It seems consumers know two things about insurance. They know it costs a lot of money, and whatever happens you are not covered. So this is a great difficulty. In Minnesota we have what is called a File and Use Law, which means if an insurance company wants to increase its rates all it has to do is send a copy of those new rates to the Insurance Commissioners and he has no regulatory power over those

rates.

A member of the Governor's Advisory Council for Consumer Affairs had to buy new automobile insurance and he went to 28 agents of the same insurance company. He gave them all the same statistics-same car, same driver, everything like that-and he got 23 different rate quotes. This is a serious consumer protection problem.

The Insurance Department has been given some expanded powers this time.
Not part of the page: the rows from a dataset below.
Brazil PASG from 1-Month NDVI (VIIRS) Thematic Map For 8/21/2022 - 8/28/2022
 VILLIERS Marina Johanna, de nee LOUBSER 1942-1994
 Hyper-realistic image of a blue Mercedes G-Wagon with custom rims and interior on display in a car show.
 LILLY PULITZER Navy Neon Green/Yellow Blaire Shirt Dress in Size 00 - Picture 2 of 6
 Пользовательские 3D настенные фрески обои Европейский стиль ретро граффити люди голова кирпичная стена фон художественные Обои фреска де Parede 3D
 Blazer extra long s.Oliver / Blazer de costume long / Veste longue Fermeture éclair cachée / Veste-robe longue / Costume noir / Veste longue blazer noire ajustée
We have made it illegal for insurance companies to fail to respond to complaints from policyholders in a timely manner and they are required to enforce that law. In addition, we have cancelled the $5 fee the Insurance Department used to charge for investigating a complaint of an insurance cancellation. The Insurance Department felt that its job was consumer protection so they should not be charging consumers to protect them.

In addition, the Commerce Department has been given two fairly important new consumer protection responsibilities. One is in the area of franchise regulation. We find a lot of fairly major examples of consumer fraud in cases where businesses come in and sell franchises to people with promises of another MacDonald's, and the promises do not pan out. New franchise regulations require registration with the Commissioner of Securities of information dealing with financing, advertising, contracts, and policies. Disclosure of all this kind of information to the prospective franchisee is required. Also provided is a Bill of Rights, in effect, for franchisees including protection against unreasonable terminations, fees, and policies.

In addition, we have taken some interest in the problem of subdivided land sales. I am sure you have heard about some of these A schemes. Some of them are very legitimate, of course, but there are some fly-by-night operators who sell people extremely small lots with no access and no sewage and mislead the consumers drastically. The Department of Commerce has been given considerable power to regulate this kind of sale as well.